(Dataset section begins)

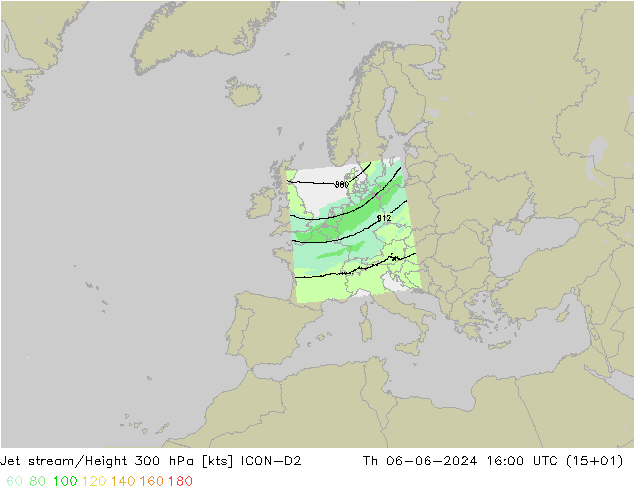 Corrente a getto ICON-D2 gio 06.06.2024 16 UTC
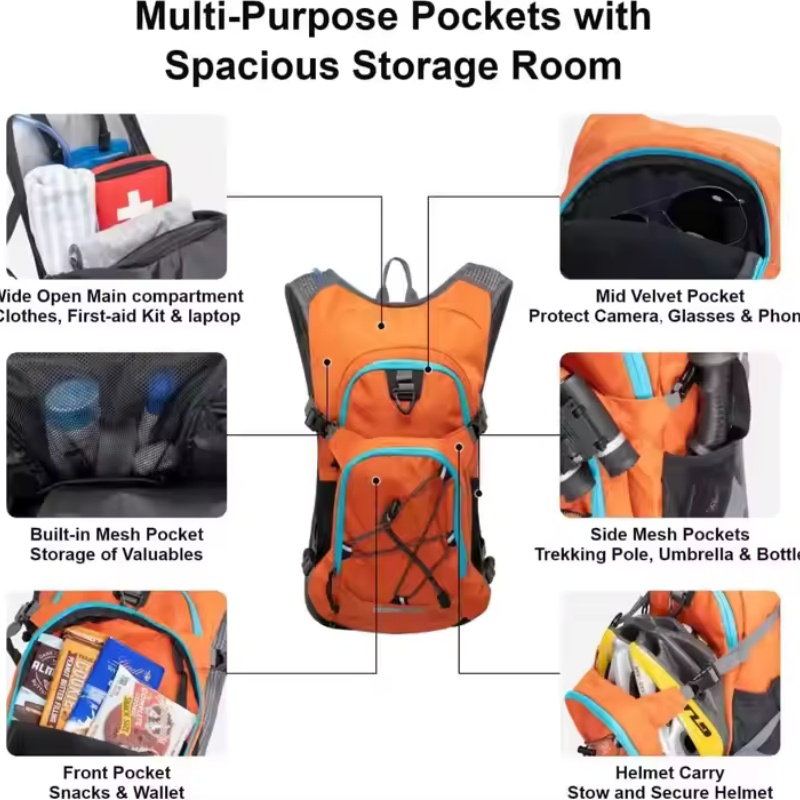 Lightweight hydration vest for outdoor activities
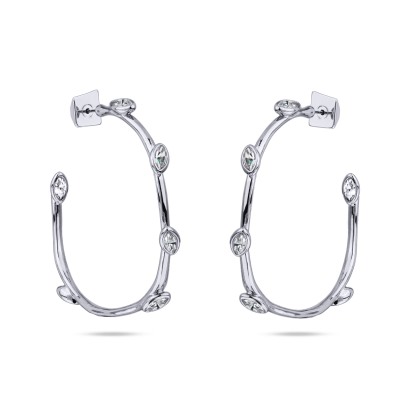 Серьги Эйва (кристаллы SW белые; покрытие родий), Есть комплект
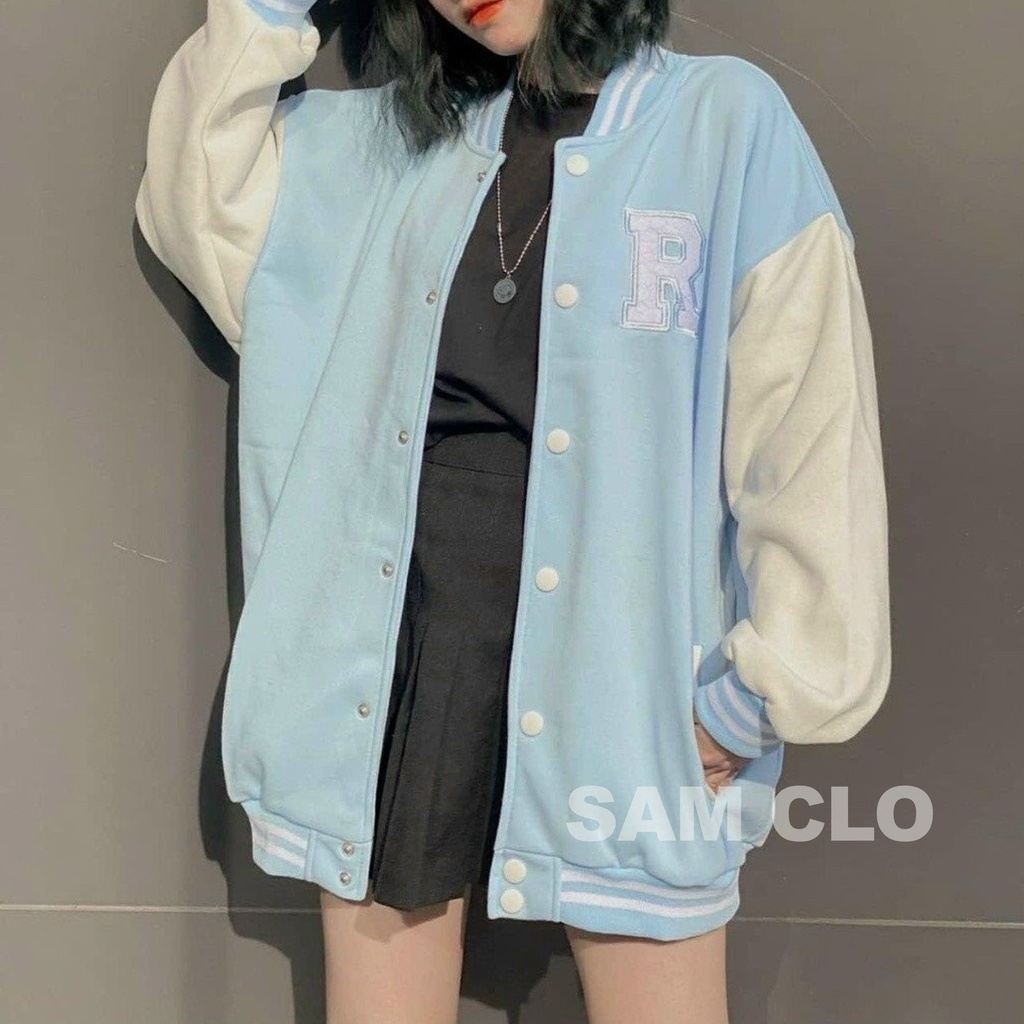 Áo khoác dù Bomber chất nỉ nam nữ Unisex in LOGO thêu chữ R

(Dataset section ends)

Work request:
All that is required is an exact reproduction of the lines from the one containing "Серьги Эйва (кристаллы" to the final line of the listing above, pictures omitted.

Task solution:
 Серьги Эйва (кристаллы SW белые; покрытие родий), Есть комплект
 Áo khoác dù Bomber chất nỉ nam nữ Unisex in LOGO thêu chữ R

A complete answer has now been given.